- **Excerpted records**:
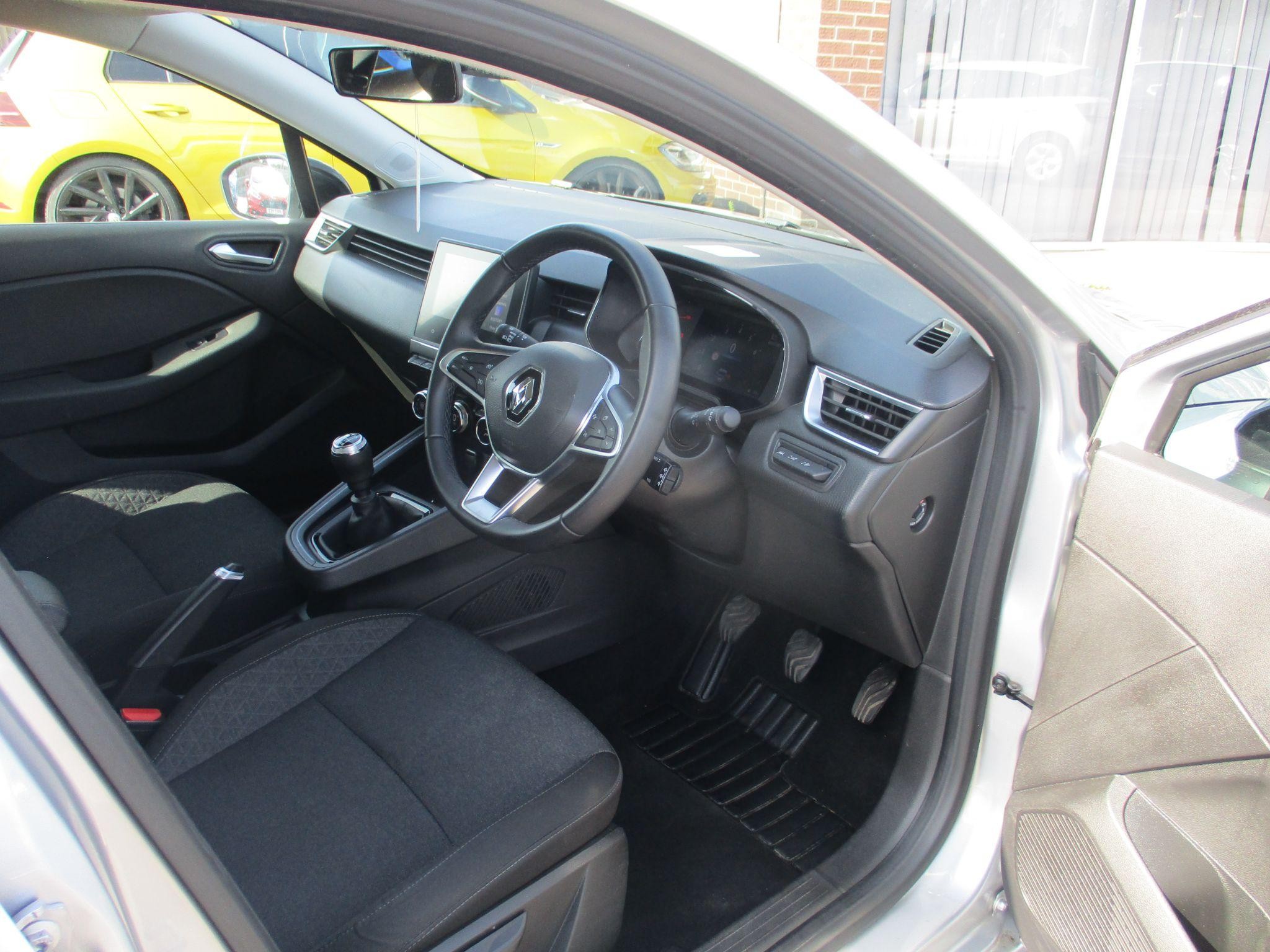 Renault Clio Image 10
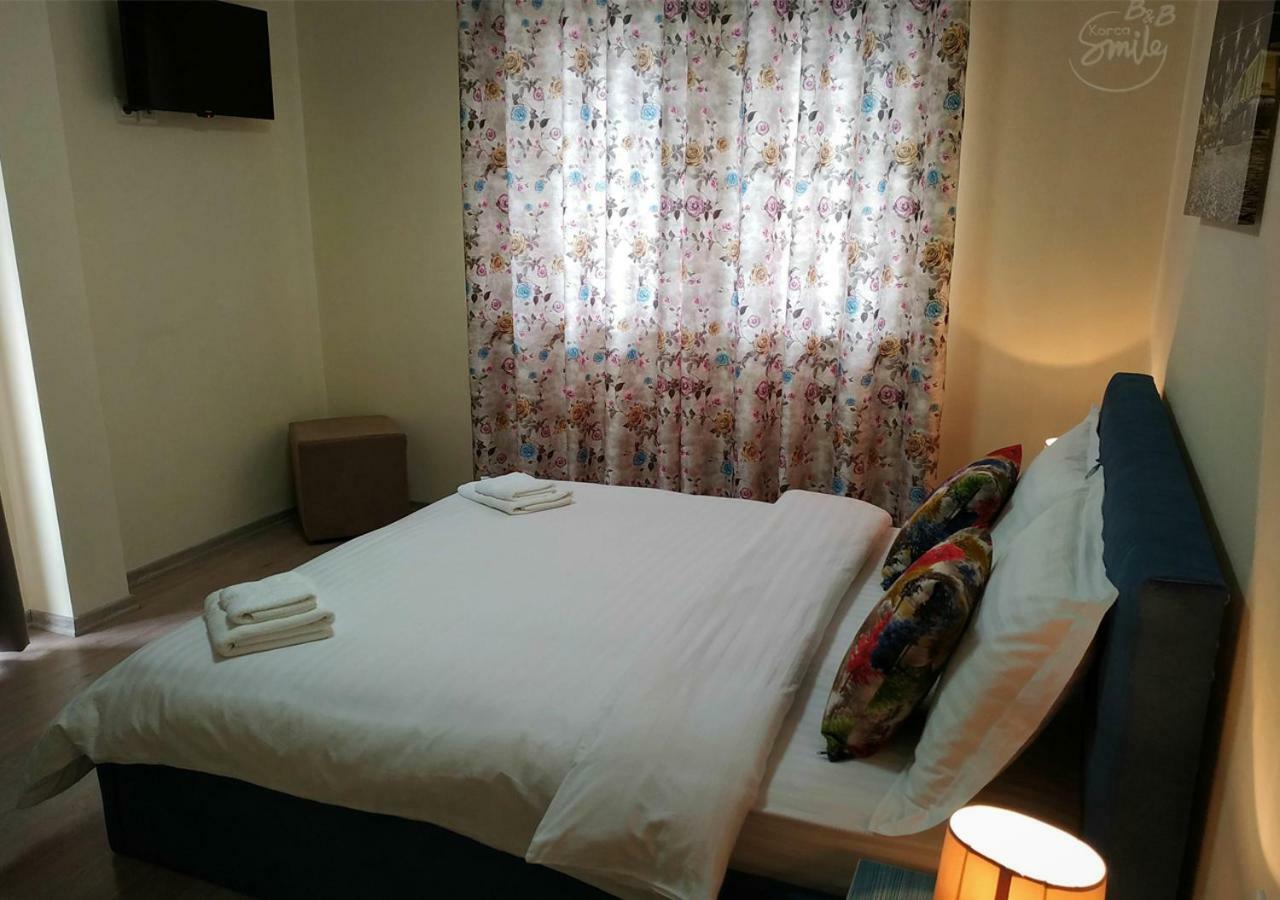 Korcasmilehotel Buitenkant foto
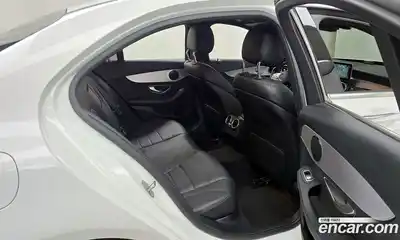 Mercedes-Benz C-Class 2020 1.9 Автомат в Москве № 194334, миниатюра 3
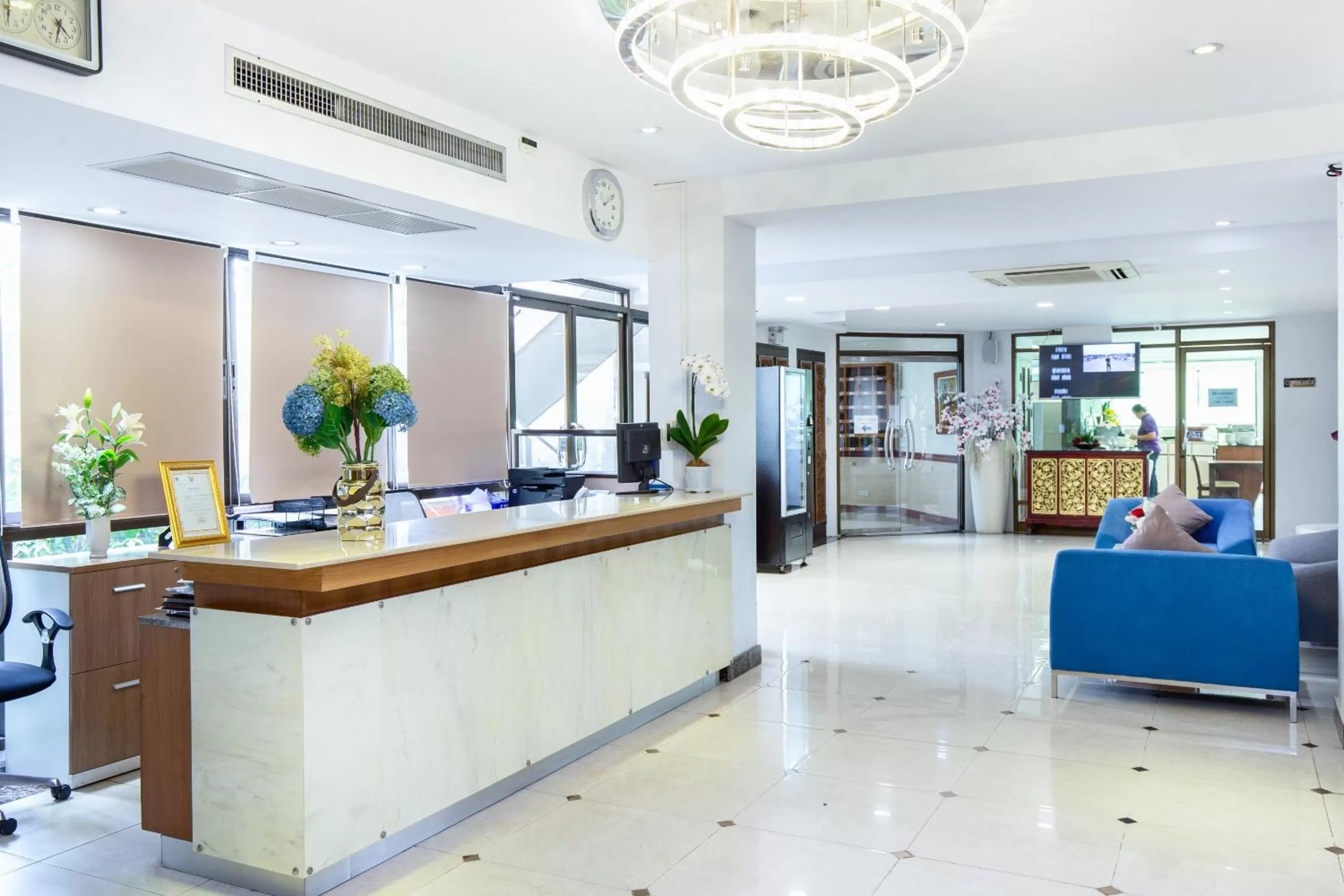 Lobby or reception in Lasalle Suites Hotel & Residence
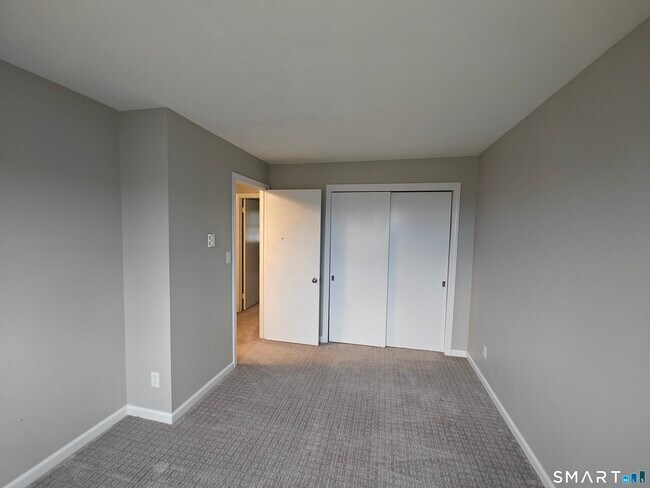 Building Photo - 18 Broadview Hts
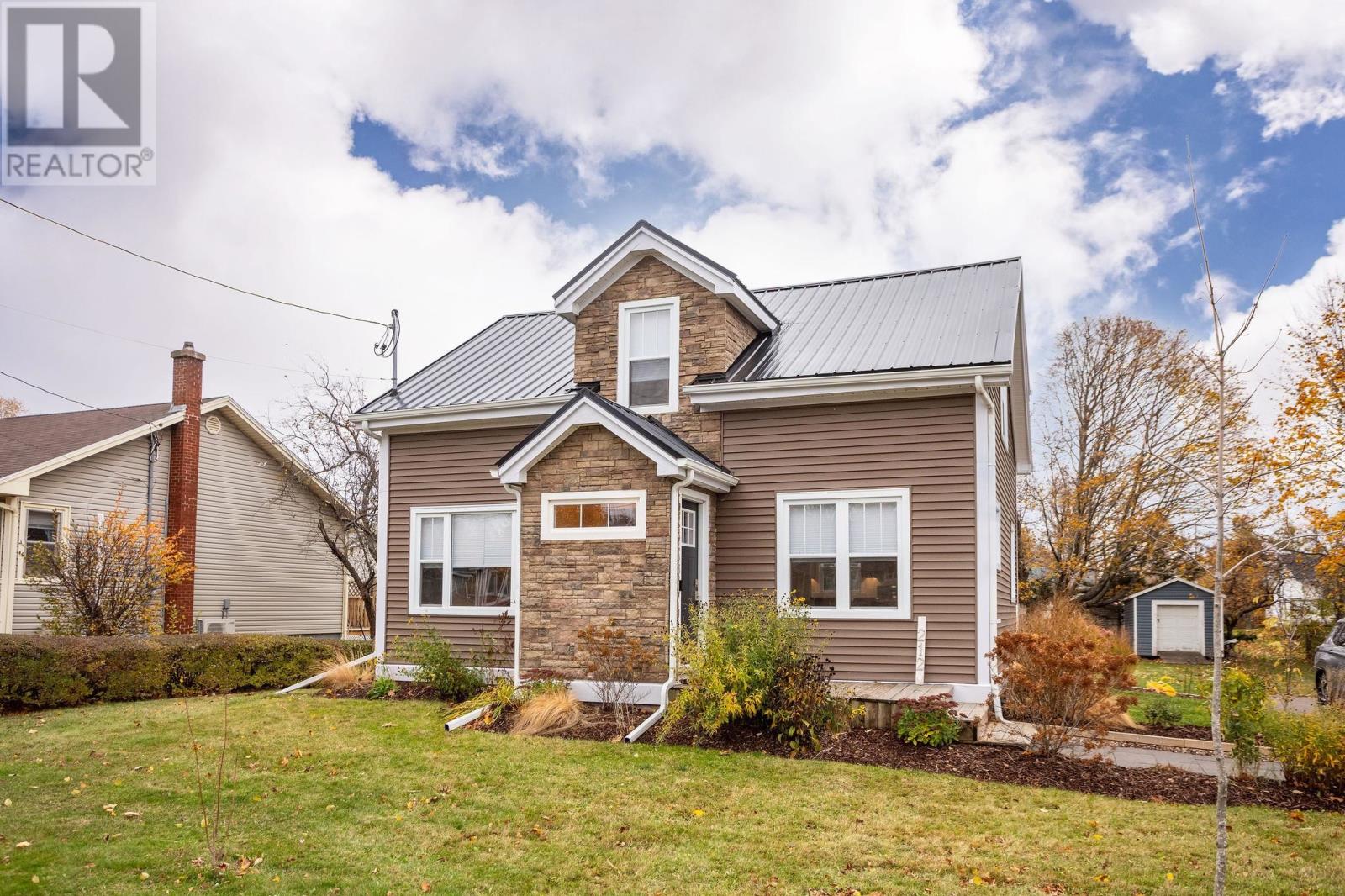 212 Belvedere Avenue, Charlottetown, Prince Edward Island  C1A 2Z3 - Photo 1 - 202527853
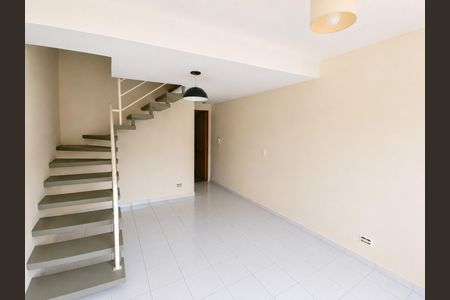 Sala de casa de condomínio para alugar com 2 quartos, 60m² em Jardim Sao Victor, Osasco
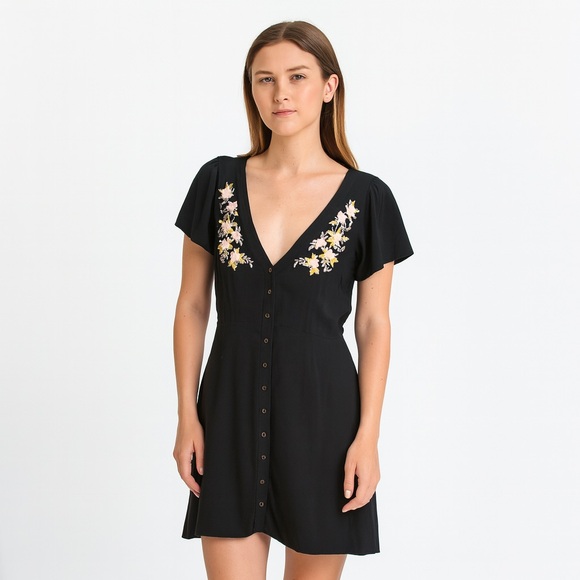 Abercrombie & Fitch Dresses & Skirts - Abercrombie & Fitch Floral Embroidered‎ Dress Size Small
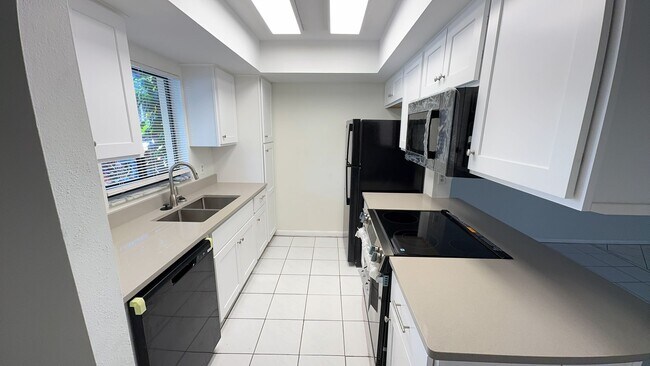 Building Photo - Newly renovated 2 bedroom Townhouse for Re...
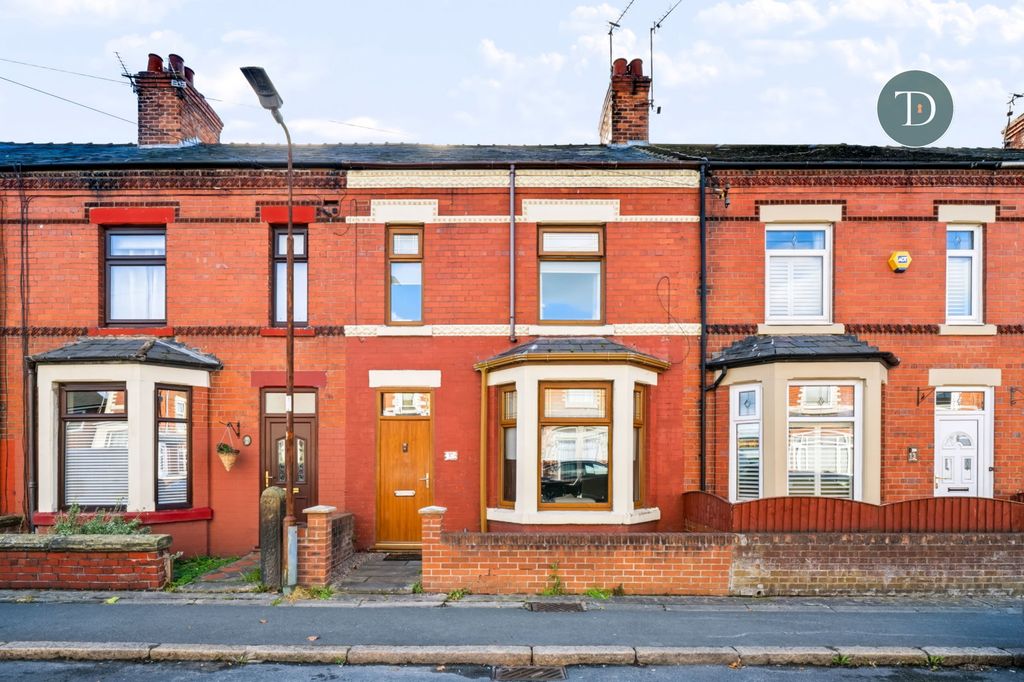 Property photo 1 of 22
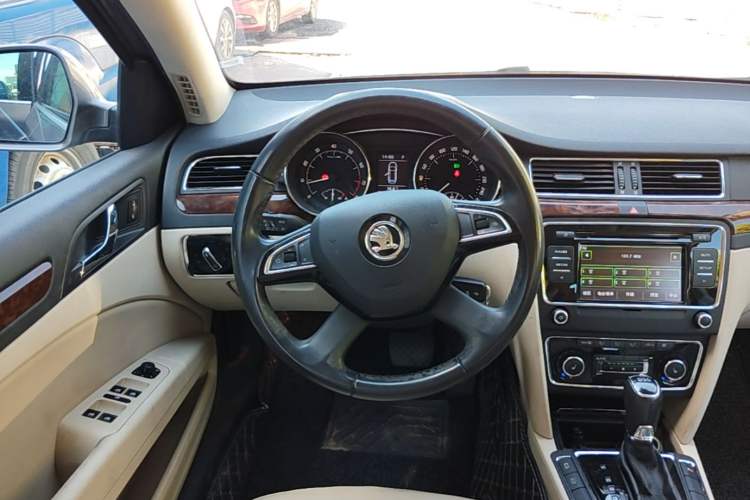 Used Skoda Superb Combi 2014 2.0 TSI Prestige Edition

- **Work order**:
The data above must be given again in full and unaltered, minus its images.

- **Solution for this problem**:
 Renault Clio Image 10
 Korcasmilehotel Buitenkant foto
 Mercedes-Benz C-Class 2020 1.9 Автомат в Москве № 194334, миниатюра 3
 Lobby or reception in Lasalle Suites Hotel & Residence
 Building Photo - 18 Broadview Hts
 212 Belvedere Avenue, Charlottetown, Prince Edward Island  C1A 2Z3 - Photo 1 - 202527853
 Sala de casa de condomínio para alugar com 2 quartos, 60m² em Jardim Sao Victor, Osasco
 Abercrombie & Fitch Dresses & Skirts - Abercrombie & Fitch Floral Embroidered‎ Dress Size Small
 Building Photo - Newly renovated 2 bedroom Townhouse for Re...
 Property photo 1 of 22
 Used Skoda Superb Combi 2014 2.0 TSI Prestige Edition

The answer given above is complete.